Wan Gölü havzasına akan dere ve akarsular üzerinde yapılan Jeotermik Santraller (JES), Hidroelektrik Santraller (HES) ve barajların da su seviyesinin düşmesinde etkili olduğu belirtiliyor. Devlet ve özel teşebbüs işbirliğiyle Zîlan, Koçköprü Barajı, Wan’ın Şax (Çatak) ilçesi ile Wan’ın Bêgirî (Muradiye) ilçesindeki HES’ler bu etkilenmenin başlarında sıralanıyor.
Son 10 yılda göldeki çekilme artarken kış bitimine son bir ay kalmasına rağmen, bu yıl kentte kar yağışının mevsim normallerinin çok altında seyretmesi, Wan Gölü’nün geri çekilmesini hızlandıracağı endişelerini arttırdı.
İnci kefali tehdit altında
Wan Gölü’nü besleyen ve inci kefalleri için hayati önemdeki akarsuların üzerine yapılan HES ve barajlar nedeniyle gölle buluşan sularda büyük bir azalma yaşanmakta. Bu durum bölgede ve Wan Gölü’nde büyük bir ekolojik yıkımı ortaya çıkarırken bu yıkımdan inci kefalleri de ağır biçimde payını alıyor. Bölge maden ve enerji işgali altına alınırken, yaşanan sorunların küresel iklim değişimine bağlanma çabası ise dikkat çekiyor. Binlerce yıldır Wan Gölü’nde yaşayan ve üremek için gölü besleyen akarsulara göç etmek zorunda olan inci kefalleri HES ve Barajların neden olduğu su azlığı, kıyı işgalleri vb. gibi nedenlerle adeta yok oluşa sürüklenmekte.
Bilim dışı yaklaşım
Wan Gölü veya dünyanın birçok göl sularında uranyumun olması göle bırakılan atıklardan kaynaklanmaktadır. Bir nehir, göl veya herhangi bir su kütlesindeki uranyum varlığı, boşaltılan atık sudan kaynaklanırken, uranyum su besin zinciri boyunca yüksek seviyelere birikerek çeşitli mikroorganizmalara, bitkilere ve su hayvanlarına zarar verirken bu zarar insanlara kadar taşınmaktadır. Organizmalarda uranyuma maruz kalmak, normal biyolojik aktiviteleri bozar, radyotoksisite ve ağır metal toksisitesi nedeniyle canlılarda doku hasarına neden olur. Uranyum, maruz kalma yollarından bağımsız olarak hayvanların böbreklerinde ve kemiklerinde yoğunlaşmaya eğilimlidir. Tüm bu gerçekler bilinirken, gölde ortaya çıkan uranyumun nedenlerini tespit edilip engellenmesi gerekirken, ‘nükleer enerji’ için kullanılmasını önermek ise bilim dışı bir yaklaşımdır.

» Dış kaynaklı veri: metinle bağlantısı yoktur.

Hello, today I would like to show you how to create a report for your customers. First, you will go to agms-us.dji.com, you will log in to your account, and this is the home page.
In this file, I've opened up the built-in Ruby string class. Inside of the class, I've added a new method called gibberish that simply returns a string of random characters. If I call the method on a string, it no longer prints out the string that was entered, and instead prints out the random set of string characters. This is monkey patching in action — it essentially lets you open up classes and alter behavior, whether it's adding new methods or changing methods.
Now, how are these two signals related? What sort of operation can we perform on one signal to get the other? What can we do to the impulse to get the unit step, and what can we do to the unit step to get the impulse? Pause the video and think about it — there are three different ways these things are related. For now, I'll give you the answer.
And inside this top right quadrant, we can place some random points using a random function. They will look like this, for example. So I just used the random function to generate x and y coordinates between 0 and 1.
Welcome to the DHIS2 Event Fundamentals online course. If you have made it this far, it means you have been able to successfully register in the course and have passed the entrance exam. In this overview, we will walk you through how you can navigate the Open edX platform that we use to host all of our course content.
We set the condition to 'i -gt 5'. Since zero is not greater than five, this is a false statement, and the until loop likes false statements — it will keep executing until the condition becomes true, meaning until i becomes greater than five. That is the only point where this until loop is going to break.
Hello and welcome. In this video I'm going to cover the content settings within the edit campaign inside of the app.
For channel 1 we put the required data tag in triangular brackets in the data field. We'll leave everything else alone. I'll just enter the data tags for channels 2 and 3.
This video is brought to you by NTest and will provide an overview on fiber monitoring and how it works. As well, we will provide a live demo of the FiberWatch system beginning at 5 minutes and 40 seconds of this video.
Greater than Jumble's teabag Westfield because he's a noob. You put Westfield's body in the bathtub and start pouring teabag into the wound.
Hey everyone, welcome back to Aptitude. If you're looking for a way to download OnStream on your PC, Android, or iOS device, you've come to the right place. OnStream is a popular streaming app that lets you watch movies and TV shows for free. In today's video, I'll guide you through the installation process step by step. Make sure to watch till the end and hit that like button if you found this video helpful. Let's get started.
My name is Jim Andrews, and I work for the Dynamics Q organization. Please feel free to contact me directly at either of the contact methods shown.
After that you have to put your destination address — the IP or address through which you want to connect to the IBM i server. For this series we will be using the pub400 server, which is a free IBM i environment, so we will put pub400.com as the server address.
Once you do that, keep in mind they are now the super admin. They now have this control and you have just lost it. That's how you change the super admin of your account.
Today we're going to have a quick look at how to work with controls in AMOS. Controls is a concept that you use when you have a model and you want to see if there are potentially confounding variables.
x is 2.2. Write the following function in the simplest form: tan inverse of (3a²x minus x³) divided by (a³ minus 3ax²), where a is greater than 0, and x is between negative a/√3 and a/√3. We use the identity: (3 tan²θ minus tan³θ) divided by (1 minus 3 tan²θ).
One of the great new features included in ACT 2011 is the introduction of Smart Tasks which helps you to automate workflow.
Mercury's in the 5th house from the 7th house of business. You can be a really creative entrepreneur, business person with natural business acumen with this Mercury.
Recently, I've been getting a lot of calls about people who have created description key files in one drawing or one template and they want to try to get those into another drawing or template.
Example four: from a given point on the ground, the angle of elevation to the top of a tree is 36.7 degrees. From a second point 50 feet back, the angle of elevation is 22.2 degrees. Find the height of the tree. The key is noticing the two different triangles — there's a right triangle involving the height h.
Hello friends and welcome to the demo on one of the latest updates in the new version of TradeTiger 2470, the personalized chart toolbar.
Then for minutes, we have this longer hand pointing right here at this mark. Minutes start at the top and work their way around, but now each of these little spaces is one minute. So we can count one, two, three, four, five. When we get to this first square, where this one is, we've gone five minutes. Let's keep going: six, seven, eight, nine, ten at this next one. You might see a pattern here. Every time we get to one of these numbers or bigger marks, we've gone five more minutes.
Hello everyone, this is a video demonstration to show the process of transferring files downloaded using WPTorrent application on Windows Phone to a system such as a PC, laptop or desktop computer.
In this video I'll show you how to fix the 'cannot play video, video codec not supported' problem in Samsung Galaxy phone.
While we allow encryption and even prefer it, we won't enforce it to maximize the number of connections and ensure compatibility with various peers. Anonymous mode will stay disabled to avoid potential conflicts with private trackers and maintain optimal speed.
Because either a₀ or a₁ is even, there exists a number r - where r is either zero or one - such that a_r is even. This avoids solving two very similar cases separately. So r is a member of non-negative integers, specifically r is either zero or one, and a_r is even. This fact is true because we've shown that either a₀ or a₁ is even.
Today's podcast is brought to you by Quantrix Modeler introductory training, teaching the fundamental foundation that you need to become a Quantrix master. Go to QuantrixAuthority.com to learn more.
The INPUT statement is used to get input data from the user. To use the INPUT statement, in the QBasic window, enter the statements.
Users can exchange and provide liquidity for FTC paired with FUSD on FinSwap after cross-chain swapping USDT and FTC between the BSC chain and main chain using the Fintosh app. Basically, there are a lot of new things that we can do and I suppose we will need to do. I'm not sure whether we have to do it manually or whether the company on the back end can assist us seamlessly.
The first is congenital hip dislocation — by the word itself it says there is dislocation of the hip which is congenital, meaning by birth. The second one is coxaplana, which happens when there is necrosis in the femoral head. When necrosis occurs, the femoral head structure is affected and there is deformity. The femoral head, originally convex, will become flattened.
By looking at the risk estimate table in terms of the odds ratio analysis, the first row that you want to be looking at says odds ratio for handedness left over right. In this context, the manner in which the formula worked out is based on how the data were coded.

Wan Gölü’nden uranyum kazanmak
Dünyada nükleer savaş tehditleri büyürken, nükleerin temiz enerji statüsüne alınmasıyla uranyum madenciliği genişletilmeye çalışılıyor. Diğer yandan ‘bilim’ insanları uranyum elde edilmesi üzerine çalışma yapıyor. Fırat Üniversitesi (FÜ) Kimya Bölümü Öğretim Üyesi Prof. Dr. Mehmet Yaman, Van Gölü’ndeki kirliliği araştırmak için laboratuvarda analiz yaparken göldeki yüksek uranyum oranını keşfettiği ve Wan Gölü’nde çözünmüş halde 50 bin ton civarında uranyum bulunduğunu iddia etti. Yaman’ın, Wan Gölü suyunun sodalı olması bakımından çözünmüş halde bulanan uranyumu elde etme işlemlerinin diğer kaynaklara göre daha avantajlı, ekonomik ve ‘çevre dostu’ olduğunu iddia etmesi ise dikkat çekti. Yaman’ın, Türkiye’nin enerji sektörüne bakış açısını şekillendirecek bir alternatif olan nükleer santraller ve Van Gölü suyundaki uranyumun zenginleştirilmesinin teşvik edilmesi gerektiğini söylemesi ise manidar bir durum.